Lines with "Style" in them are to be located in the listing below and copied.

- **RECORDS PROVIDED**

_____

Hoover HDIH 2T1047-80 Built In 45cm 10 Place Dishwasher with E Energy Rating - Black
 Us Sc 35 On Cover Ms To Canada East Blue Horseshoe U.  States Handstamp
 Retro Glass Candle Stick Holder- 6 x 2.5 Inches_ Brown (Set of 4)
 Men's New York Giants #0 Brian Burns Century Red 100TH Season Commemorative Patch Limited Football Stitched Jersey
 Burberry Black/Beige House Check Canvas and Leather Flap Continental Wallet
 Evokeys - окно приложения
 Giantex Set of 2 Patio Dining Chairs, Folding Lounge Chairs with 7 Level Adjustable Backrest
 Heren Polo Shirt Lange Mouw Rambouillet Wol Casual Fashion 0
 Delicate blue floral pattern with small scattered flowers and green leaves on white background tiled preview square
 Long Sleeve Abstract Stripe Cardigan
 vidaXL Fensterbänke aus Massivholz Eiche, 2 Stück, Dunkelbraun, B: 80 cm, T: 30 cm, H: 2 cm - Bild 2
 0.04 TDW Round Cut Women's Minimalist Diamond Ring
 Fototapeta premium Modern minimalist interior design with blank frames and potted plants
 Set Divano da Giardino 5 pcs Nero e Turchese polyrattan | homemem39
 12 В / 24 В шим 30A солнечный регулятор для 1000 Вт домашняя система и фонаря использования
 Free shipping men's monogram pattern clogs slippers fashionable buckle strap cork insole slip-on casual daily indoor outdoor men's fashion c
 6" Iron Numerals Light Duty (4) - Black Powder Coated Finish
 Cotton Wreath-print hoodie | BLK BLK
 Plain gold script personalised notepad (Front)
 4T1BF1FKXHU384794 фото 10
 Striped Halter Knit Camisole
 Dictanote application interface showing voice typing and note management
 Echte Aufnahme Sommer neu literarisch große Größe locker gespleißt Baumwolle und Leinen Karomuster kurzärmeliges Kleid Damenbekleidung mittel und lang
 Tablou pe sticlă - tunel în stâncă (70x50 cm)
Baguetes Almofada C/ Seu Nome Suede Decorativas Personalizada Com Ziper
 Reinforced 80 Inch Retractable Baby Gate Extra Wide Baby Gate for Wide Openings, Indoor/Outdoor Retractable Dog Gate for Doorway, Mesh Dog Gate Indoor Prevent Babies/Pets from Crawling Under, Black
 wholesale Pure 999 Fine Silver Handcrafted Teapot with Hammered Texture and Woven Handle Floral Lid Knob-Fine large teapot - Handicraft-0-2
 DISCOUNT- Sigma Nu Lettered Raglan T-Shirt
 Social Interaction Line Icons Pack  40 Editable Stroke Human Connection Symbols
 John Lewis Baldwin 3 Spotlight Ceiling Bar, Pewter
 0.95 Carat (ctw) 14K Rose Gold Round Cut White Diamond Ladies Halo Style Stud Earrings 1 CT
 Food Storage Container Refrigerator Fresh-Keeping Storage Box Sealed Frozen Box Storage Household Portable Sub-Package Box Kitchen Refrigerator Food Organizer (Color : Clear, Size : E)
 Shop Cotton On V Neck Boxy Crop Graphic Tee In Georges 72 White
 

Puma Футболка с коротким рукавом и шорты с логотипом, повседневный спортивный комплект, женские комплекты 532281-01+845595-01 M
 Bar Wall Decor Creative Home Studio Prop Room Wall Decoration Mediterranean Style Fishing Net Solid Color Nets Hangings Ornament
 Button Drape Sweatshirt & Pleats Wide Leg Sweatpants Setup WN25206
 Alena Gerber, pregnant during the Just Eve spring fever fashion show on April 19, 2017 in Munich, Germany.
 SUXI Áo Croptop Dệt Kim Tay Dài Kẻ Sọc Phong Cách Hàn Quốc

_____

- **EXERCISE ANSWER**
 0.95 Carat (ctw) 14K Rose Gold Round Cut White Diamond Ladies Halo Style Stud Earrings 1 CT
 Bar Wall Decor Creative Home Studio Prop Room Wall Decoration Mediterranean Style Fishing Net Solid Color Nets Hangings Ornament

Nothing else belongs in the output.